● REQUIRED WORK:
Search the records for lines that contain the word "School". Copy them all.

──────────

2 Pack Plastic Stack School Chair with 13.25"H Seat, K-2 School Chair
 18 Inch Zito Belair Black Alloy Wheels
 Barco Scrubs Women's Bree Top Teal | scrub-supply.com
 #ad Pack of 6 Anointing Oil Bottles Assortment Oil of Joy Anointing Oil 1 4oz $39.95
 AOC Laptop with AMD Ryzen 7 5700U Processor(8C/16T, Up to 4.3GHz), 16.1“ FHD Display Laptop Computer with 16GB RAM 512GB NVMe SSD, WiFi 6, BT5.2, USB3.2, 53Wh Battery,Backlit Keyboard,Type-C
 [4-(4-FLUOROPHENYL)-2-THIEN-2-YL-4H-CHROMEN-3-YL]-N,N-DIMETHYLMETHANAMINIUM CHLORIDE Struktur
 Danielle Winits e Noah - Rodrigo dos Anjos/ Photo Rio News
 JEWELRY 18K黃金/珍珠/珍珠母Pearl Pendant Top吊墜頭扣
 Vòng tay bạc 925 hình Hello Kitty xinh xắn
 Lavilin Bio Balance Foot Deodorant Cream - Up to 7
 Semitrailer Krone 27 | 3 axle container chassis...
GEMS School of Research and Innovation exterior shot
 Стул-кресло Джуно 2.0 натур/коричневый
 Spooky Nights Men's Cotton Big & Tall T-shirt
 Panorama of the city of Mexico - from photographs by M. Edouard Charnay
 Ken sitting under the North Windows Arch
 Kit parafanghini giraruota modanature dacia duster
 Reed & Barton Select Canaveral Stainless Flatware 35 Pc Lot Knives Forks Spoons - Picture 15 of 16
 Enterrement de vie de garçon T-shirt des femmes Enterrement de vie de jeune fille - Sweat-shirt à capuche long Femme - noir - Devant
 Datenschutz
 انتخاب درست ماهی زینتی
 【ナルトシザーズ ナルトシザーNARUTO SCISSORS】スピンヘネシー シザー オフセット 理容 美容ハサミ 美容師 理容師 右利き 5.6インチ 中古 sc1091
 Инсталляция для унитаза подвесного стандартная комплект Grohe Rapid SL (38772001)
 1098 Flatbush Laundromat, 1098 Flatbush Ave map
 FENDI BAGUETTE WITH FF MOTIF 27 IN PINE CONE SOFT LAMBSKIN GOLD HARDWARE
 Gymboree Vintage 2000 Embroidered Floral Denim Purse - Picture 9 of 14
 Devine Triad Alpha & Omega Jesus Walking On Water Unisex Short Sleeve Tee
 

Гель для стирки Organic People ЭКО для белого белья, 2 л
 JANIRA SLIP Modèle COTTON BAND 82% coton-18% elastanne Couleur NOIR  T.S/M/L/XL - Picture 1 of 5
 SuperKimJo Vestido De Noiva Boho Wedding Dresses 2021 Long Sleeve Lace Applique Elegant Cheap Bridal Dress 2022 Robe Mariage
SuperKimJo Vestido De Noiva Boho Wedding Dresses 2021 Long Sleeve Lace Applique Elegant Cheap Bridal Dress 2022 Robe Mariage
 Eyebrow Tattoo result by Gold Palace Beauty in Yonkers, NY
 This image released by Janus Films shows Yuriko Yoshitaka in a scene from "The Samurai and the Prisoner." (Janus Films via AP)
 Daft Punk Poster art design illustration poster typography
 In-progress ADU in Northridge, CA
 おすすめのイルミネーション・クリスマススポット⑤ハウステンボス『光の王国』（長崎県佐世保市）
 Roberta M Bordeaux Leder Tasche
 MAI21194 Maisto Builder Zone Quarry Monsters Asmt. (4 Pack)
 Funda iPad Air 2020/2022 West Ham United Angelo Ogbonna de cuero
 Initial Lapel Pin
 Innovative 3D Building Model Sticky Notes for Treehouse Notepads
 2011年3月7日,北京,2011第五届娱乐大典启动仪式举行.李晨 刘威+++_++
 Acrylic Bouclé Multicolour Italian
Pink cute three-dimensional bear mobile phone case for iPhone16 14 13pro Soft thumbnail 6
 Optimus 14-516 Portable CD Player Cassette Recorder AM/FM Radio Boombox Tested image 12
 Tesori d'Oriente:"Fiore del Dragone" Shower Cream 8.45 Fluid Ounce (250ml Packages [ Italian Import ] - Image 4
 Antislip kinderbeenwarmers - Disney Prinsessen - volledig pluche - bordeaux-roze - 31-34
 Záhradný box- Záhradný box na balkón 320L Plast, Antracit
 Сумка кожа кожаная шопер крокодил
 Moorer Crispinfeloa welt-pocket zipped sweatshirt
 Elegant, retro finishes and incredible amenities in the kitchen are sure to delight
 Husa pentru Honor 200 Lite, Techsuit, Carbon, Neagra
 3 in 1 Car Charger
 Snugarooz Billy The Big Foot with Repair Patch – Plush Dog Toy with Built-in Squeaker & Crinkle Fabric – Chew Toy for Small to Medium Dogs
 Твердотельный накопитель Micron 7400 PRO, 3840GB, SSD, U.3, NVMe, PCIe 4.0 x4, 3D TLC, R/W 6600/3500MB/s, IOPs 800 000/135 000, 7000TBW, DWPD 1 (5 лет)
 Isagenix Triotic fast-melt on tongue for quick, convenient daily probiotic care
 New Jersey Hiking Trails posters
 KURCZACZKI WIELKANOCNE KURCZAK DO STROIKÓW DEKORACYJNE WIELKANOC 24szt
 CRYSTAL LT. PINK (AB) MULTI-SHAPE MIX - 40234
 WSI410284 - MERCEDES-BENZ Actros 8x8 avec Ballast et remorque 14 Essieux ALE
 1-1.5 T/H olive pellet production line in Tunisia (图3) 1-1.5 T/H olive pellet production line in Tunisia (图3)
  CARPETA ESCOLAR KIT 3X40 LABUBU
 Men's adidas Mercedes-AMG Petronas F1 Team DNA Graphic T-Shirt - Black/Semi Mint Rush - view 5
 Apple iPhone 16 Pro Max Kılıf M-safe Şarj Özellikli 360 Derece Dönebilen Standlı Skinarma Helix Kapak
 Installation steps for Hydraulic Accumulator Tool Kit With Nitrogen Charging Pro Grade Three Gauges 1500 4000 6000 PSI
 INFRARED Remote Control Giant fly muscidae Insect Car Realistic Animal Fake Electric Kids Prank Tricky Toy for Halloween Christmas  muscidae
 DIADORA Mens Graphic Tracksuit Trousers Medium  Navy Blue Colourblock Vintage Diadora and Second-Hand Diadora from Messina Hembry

──────────

● FINAL ANSWER:
2 Pack Plastic Stack School Chair with 13.25"H Seat, K-2 School Chair
GEMS School of Research and Innovation exterior shot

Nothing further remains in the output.